* Your task:
Your answer should consist solely of the lines from the first line of the data through the line with "pumps light beige", each reproduced exactly.

* Given records:
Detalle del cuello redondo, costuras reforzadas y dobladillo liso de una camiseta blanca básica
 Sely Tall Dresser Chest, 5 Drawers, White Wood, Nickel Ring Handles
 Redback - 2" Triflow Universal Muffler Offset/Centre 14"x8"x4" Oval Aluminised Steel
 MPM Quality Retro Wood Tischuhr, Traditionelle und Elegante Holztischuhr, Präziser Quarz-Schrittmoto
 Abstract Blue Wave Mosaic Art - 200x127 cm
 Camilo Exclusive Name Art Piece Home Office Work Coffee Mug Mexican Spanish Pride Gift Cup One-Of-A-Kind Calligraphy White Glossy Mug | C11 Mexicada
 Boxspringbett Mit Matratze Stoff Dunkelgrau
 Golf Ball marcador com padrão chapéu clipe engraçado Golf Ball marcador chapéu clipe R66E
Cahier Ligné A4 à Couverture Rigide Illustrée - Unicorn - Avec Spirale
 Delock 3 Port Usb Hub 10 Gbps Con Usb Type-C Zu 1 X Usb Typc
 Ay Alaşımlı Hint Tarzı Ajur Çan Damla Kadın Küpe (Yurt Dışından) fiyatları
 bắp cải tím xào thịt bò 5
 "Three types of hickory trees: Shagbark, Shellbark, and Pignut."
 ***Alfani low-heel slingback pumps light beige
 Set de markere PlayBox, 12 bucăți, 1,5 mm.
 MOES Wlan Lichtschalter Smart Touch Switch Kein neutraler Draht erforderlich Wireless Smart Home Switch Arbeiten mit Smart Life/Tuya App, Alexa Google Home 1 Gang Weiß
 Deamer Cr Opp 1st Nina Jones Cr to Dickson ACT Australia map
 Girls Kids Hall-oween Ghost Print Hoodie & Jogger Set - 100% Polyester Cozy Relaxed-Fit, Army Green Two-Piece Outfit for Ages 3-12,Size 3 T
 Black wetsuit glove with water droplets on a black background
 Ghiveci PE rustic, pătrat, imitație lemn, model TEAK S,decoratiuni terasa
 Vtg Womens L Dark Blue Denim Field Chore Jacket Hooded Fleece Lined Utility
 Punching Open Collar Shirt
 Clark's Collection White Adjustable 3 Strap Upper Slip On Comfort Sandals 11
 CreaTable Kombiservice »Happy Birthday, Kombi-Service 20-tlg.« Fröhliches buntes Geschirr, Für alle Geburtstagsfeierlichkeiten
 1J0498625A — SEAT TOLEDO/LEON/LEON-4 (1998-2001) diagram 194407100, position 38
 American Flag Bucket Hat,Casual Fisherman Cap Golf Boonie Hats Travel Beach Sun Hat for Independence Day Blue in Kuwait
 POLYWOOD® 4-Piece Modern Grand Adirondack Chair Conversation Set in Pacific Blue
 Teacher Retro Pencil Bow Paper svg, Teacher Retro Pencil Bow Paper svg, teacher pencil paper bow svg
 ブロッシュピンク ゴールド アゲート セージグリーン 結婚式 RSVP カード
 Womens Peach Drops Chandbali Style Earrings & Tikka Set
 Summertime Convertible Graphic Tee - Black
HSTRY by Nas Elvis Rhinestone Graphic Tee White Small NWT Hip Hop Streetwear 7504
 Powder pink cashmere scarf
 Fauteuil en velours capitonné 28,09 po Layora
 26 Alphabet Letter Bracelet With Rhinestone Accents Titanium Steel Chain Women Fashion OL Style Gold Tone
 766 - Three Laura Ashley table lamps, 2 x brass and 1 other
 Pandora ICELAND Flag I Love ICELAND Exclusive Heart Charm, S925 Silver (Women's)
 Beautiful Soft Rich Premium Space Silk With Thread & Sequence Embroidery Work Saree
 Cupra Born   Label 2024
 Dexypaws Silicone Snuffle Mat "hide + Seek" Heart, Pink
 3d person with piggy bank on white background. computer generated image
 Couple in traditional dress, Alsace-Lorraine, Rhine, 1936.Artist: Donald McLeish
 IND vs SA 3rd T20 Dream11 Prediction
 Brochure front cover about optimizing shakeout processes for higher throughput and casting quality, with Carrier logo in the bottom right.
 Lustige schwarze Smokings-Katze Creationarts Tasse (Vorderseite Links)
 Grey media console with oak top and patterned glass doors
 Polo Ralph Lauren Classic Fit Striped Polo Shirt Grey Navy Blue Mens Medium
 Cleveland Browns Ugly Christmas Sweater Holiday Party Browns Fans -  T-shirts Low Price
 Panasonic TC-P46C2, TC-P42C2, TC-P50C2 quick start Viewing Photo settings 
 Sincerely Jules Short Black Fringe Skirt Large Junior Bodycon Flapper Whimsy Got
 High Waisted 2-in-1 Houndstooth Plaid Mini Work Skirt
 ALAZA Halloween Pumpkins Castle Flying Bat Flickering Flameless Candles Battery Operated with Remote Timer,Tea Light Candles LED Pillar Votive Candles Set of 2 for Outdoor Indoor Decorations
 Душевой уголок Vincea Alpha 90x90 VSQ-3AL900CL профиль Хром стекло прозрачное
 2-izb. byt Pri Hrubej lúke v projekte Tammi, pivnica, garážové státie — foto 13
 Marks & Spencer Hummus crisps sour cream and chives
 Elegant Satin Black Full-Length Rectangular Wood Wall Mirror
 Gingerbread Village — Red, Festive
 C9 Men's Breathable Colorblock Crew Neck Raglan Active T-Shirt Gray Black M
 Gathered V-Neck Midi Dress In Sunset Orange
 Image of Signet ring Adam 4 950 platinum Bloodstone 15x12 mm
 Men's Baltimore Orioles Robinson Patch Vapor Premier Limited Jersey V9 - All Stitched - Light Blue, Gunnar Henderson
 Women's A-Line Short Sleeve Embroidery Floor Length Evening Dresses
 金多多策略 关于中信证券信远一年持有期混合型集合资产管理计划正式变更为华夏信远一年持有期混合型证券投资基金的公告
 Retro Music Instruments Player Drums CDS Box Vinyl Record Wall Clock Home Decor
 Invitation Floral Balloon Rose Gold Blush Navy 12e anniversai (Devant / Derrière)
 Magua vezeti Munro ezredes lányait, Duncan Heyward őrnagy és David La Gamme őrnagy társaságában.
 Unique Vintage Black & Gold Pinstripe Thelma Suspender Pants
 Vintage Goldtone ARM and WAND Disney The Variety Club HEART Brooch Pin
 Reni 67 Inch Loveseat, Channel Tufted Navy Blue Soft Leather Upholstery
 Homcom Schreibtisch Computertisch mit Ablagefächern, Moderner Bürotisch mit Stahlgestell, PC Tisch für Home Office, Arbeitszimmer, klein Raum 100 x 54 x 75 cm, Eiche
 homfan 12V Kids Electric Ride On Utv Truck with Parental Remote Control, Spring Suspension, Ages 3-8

* Final answer:
Detalle del cuello redondo, costuras reforzadas y dobladillo liso de una camiseta blanca básica
 Sely Tall Dresser Chest, 5 Drawers, White Wood, Nickel Ring Handles
 Redback - 2" Triflow Universal Muffler Offset/Centre 14"x8"x4" Oval Aluminised Steel
 MPM Quality Retro Wood Tischuhr, Traditionelle und Elegante Holztischuhr, Präziser Quarz-Schrittmoto
 Abstract Blue Wave Mosaic Art - 200x127 cm
 Camilo Exclusive Name Art Piece Home Office Work Coffee Mug Mexican Spanish Pride Gift Cup One-Of-A-Kind Calligraphy White Glossy Mug | C11 Mexicada
 Boxspringbett Mit Matratze Stoff Dunkelgrau
 Golf Ball marcador com padrão chapéu clipe engraçado Golf Ball marcador chapéu clipe R66E
Cahier Ligné A4 à Couverture Rigide Illustrée - Unicorn - Avec Spirale
 Delock 3 Port Usb Hub 10 Gbps Con Usb Type-C Zu 1 X Usb Typc
 Ay Alaşımlı Hint Tarzı Ajur Çan Damla Kadın Küpe (Yurt Dışından) fiyatları
 bắp cải tím xào thịt bò 5
 "Three types of hickory trees: Shagbark, Shellbark, and Pignut."
 ***Alfani low-heel slingback pumps light beige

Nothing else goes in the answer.